Estate of Van Riper v. Director, Division of Taxation, 241 N.J. 115 (2020). The taxpayers in this case lost their argument, on summary judgment, before the Tax Court and then the Appellate Division. The Supreme Court granted review, as discussed here, and today the Court unanimously affirmed the decisions below. Justice Solomon wrote the Court’s opinion.
The issue was whether a transfer inheritance tax assessment of the decedents’ residence at full value was proper under the circumstances of the case. The property had been held by the decedents, husband and wife, in tenancy by the entirety. As Justice Solomon observed, the case was unusual in that married couples generally deed property into two trusts, which are taxed in phases on the death of each spouse. Here, however, the decedents transferred their marital home to a single irrevocable trust.
The courts at all three levels concluded that it was proper to tax the full value of the home. The Supreme Court said that “[t]he different estate-planning mechanisms have different consequences reflecting the grantors’ differing goals and intentions. In short, there is no reason to treat the single trust created here the same as the more common grant creating two separate trusts”.
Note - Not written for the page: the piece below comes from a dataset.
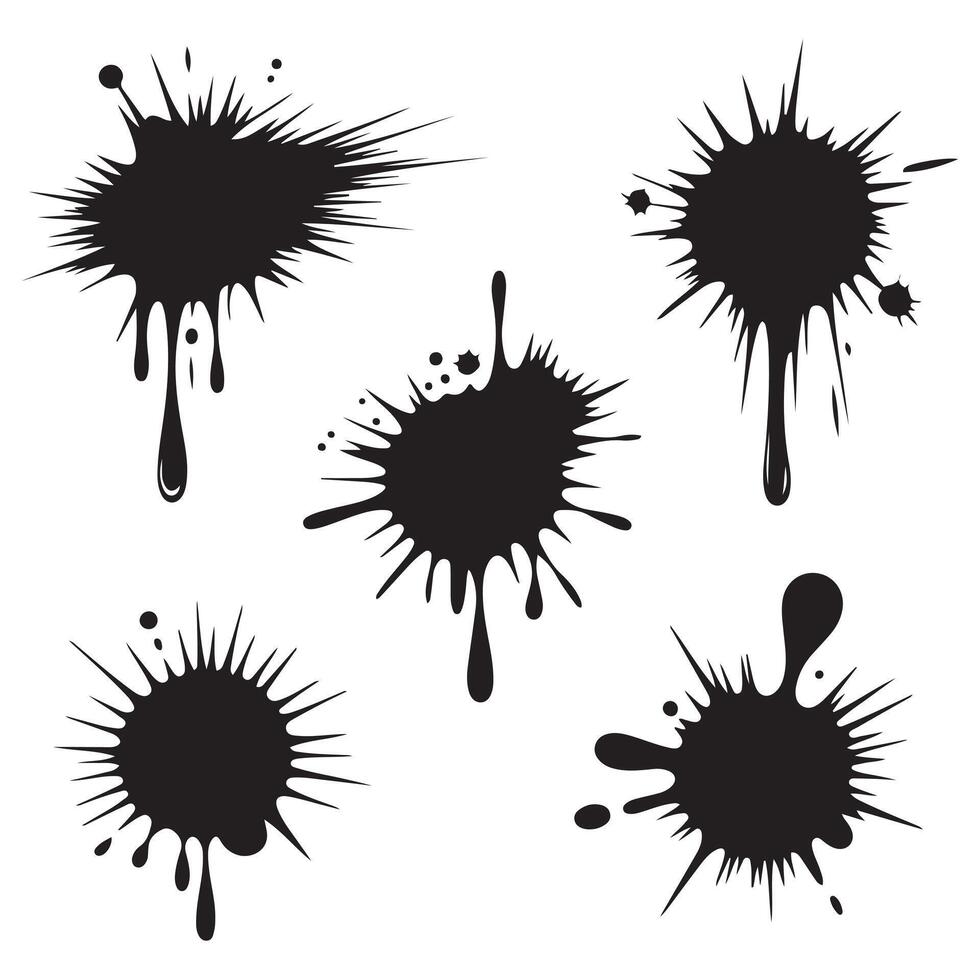 Ink blots and drips set Black silhouettes. with white background vector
Justice Solomon found that result to be “clear under the plain language of the statute [N.J.S.A. 54:34-1(c) and 54:34-1.1] itself,” as well as under caselaw that he discussed in detail. He said that “any other holding would introduce an intolerable measure of speculation and uncertainty in an area of law in which clarity, simplicity, and ease of implementation are paramount.”
The Estate relied on three cases. One of them, Justice Solomon noted, “dealt with the equitable distribution of property held as joint tenants with a right of survivorship, not the very different application of the transfer inheritance tax statute to property held as tenants by the entirety.” The other two precedents were federal decisions under the federal tax code that the Court found inapplicable here.